#### [TASK DIRECTIONS]
Retype the material that follows exactly, limited to the lines from the one with "Dreamy Fall 2007" through the one with "Basic Ev, Özel Banyo (St Michaels Grove)", and keep out all pictures.

#### [PROVIDED INFORMATION]
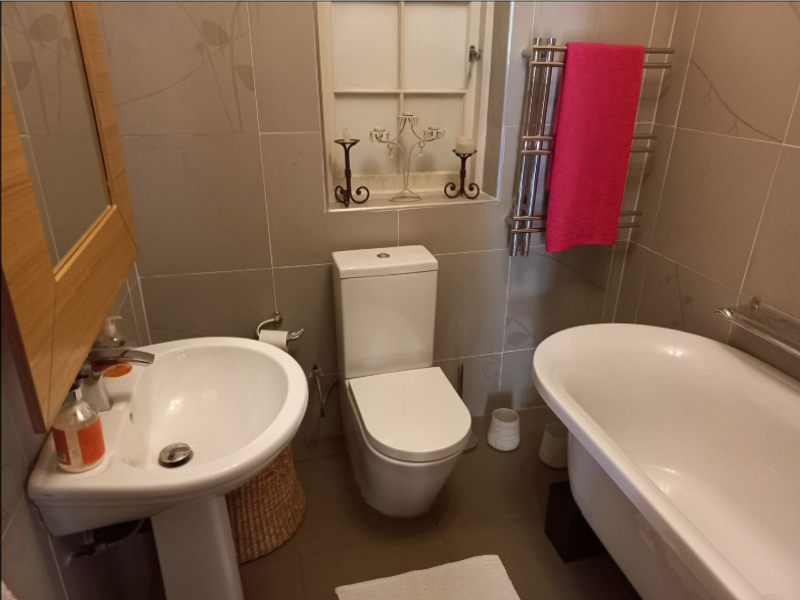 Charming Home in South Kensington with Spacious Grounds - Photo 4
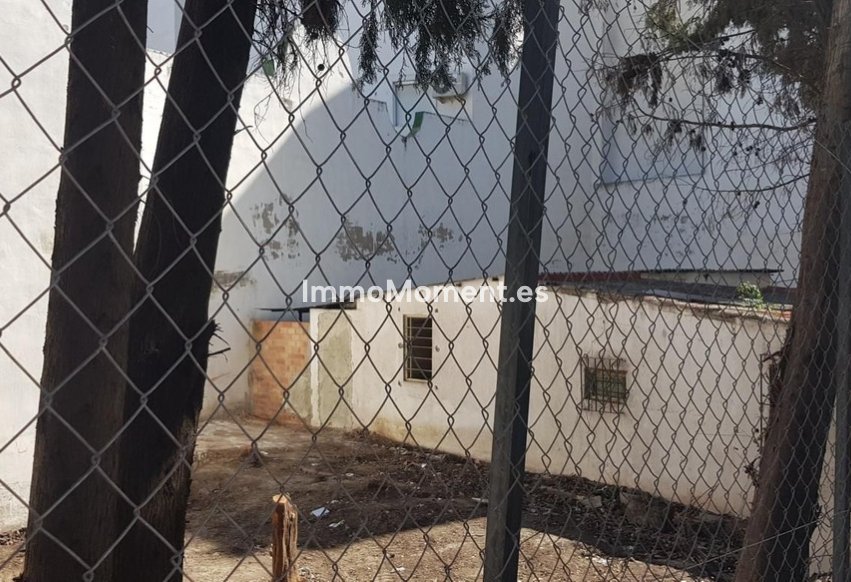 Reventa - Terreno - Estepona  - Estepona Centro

...

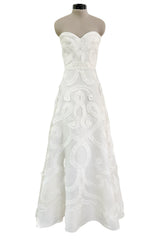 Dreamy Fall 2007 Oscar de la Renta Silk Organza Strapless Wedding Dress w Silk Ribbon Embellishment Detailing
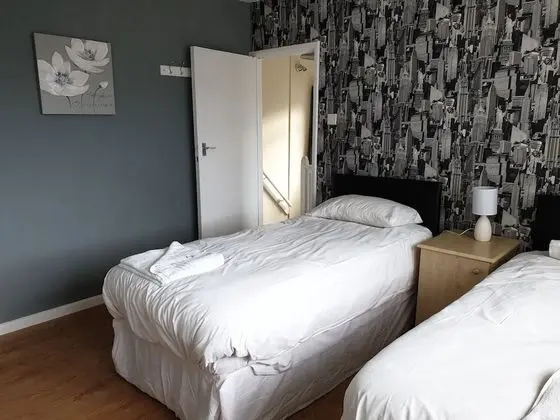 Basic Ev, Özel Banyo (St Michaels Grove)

#### [RESULT]
 Dreamy Fall 2007 Oscar de la Renta Silk Organza Strapless Wedding Dress w Silk Ribbon Embellishment Detailing
 Basic Ev, Özel Banyo (St Michaels Grove)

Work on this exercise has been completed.